Public S3 buckets containing sensitive data make headlines regularly. Someone forgets to set proper access controls, and terabytes of customer information become publicly accessible. Automated scanners constantly probe cloud services, discovering these misconfigurations within hours of creation.
Default configurations prioritise functionality over security. Cloud platforms ship with permissive settings because they can’t know your specific security requirements. Many organisations deploy resources without changing these defaults, unknowingly creating vulnerabilities.
Identity and access management complexity leads to overly permissive policies. Cloud IAM systems offer incredible granularity, but that complexity overwhelms many teams. Rather than crafting precise policies, they grant broad permissions, figuring they’ll tighten them later. Later rarely comes. Professional Azure penetration testing identifies these IAM misconfigurations before attackers exploit them.
Unused and forgotten resources accumulate over time. Development teams spin up test environments, then move on to other projects without cleaning up. These zombie resources sit unpatched and unmonitored, providing convenient attack vectors.

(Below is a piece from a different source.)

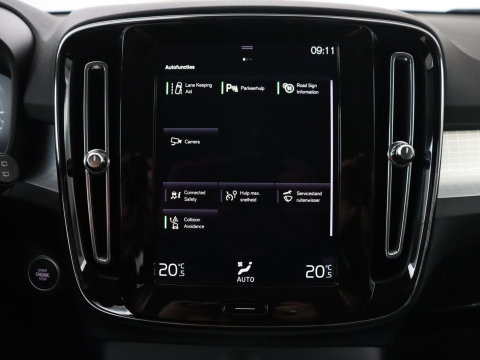 Volvo XC40 1.5 T4 Recharge Inscription Expression | SOh 85,2% | Trekhaak | Achteruitrij camera | Apple Carplay | Elektrische achterklep | Adaptieve cruise control |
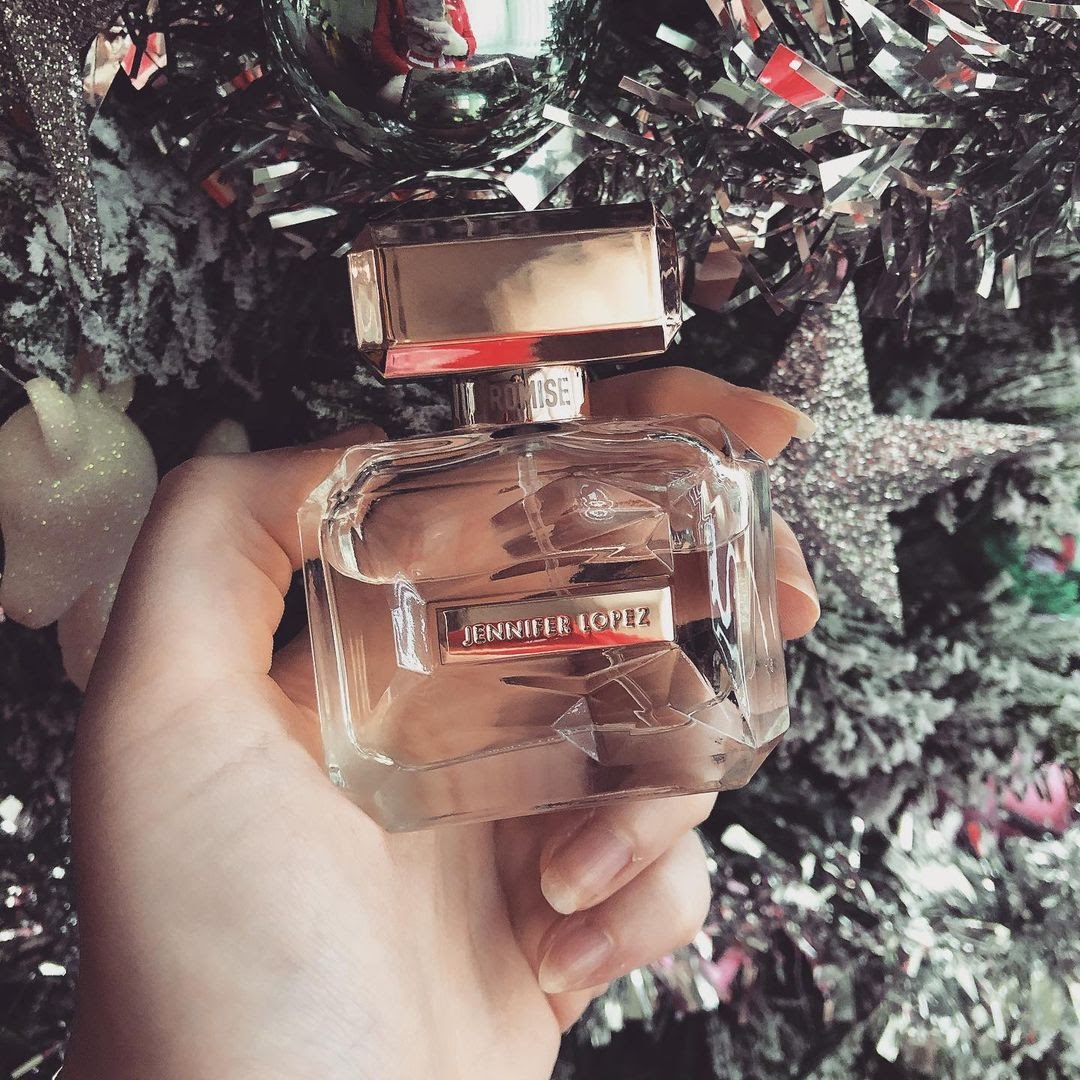 7 особых парфюмов, которые звездные женщины ни на что не променяют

William Fieldhouse, Director of Aardwolf Security Ltd, explains: “Cloud security requires a fundamentally different mindset than traditional infrastructure. When we conduct Azure penetration testing or AWS assessments, misconfigurations consistently represent the lowest-hanging fruit for attackers.”
Logging and monitoring disabled by default create blind spots. Without comprehensive logging, organisations can’t detect or investigate security incidents. Attackers operate freely in environments where nobody’s watching.

Network security groups and firewall rules frequently allow excessive access. Teams open ports wider than necessary, or allow access from the entire internet when only specific IP ranges should connect. Each overly permissive rule expands your attack surface unnecessarily.
Encryption at rest sounds simple, but implementation varies. Many cloud storage services support encryption, but it’s optional. Data sits unencrypted by default until someone explicitly enables encryption. Sensitive data deserves encryption always, not as an afterthought.
Database instances exposed to the internet represent another common misconfiguration. Databases should sit in private subnets, accessible only from application servers. Yet we regularly discover production databases accepting connections from anywhere.
Multi-factor authentication should be mandatory for cloud console access. Password-based authentication alone provides insufficient protection. Compromised credentials grant attackers complete control over your cloud environment. Comprehensive AWS penetration testing reveals how attackers might chain multiple small misconfigurations into a serious compromise.
Cloud security posture management tools help, but they’re not magic bullets. They identify misconfigurations automatically, but someone must prioritise and remediate the findings. Without dedicated ownership, alerts pile up unaddressed.